■ **Dataset extract**
=== Begin Enclosure ===

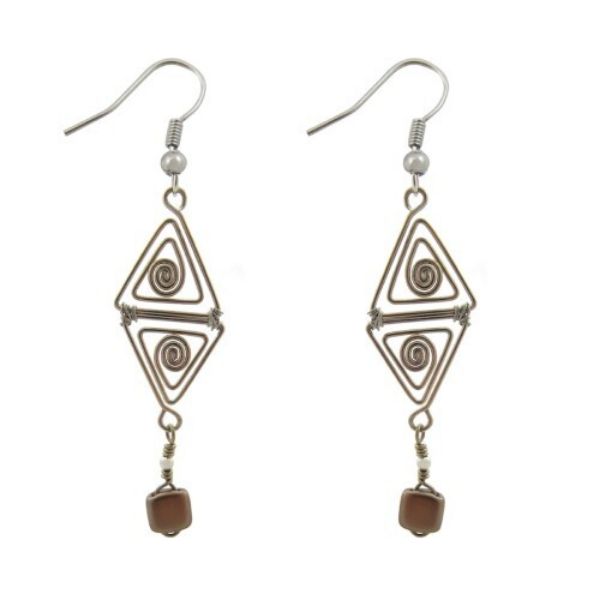 Picture of double triangle wire earrings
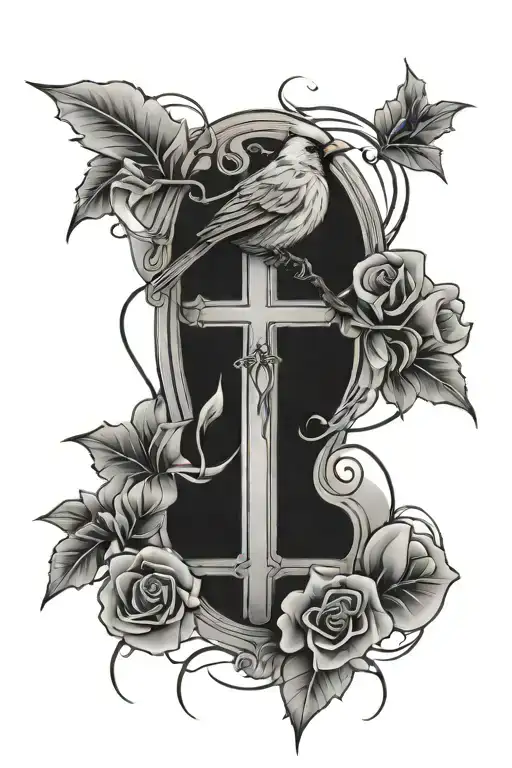 Cross with a cardinal on it tattoo design idea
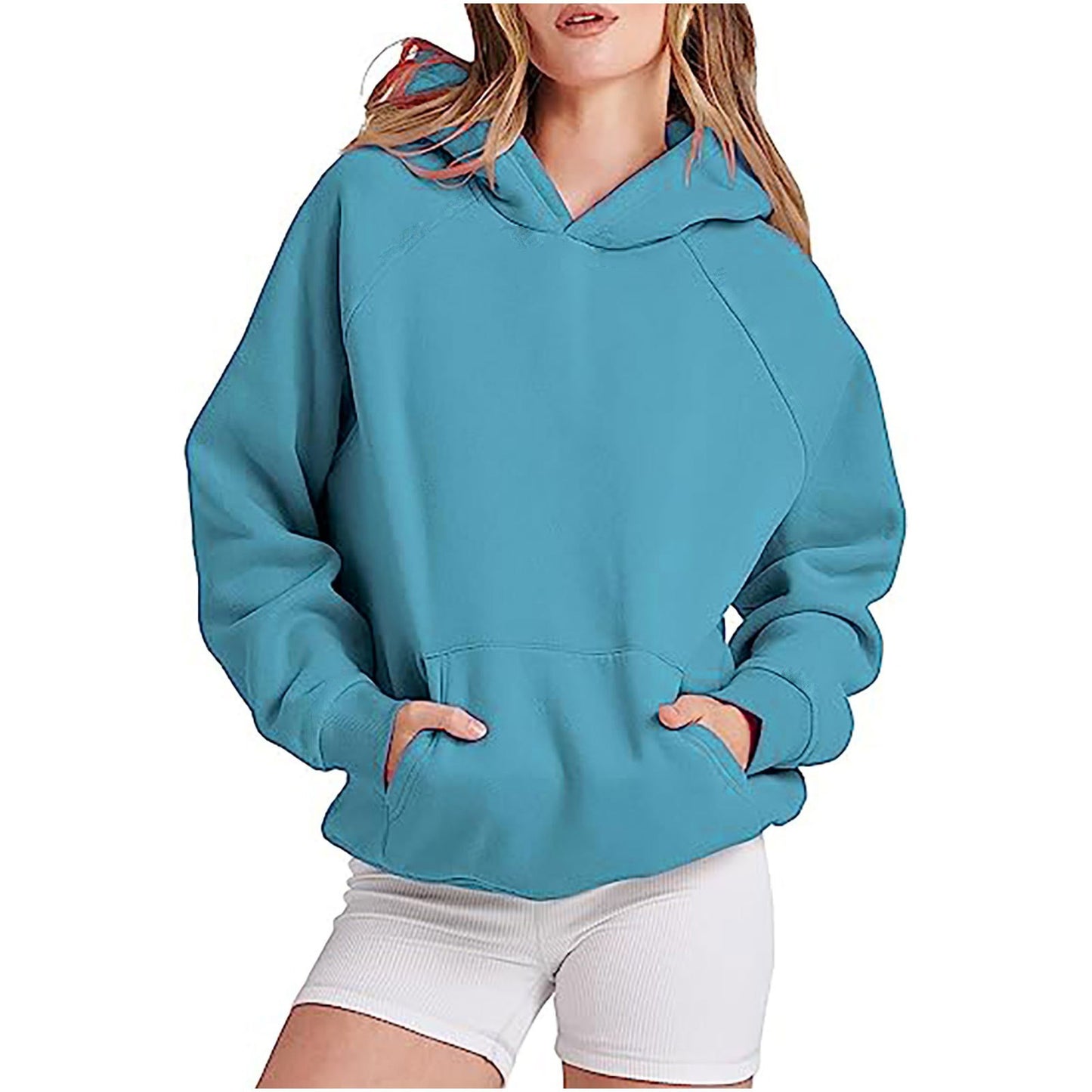 Lockere, lässige, schulterlange Kapuzenpullover für Damen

=== End Enclosure ===

■ **Activity**
Output each of the lines above exactly, apart from the images.

■ **Task response**
 Picture of double triangle wire earrings
 Cross with a cardinal on it tattoo design idea
 Lockere, lässige, schulterlange Kapuzenpullover für Damen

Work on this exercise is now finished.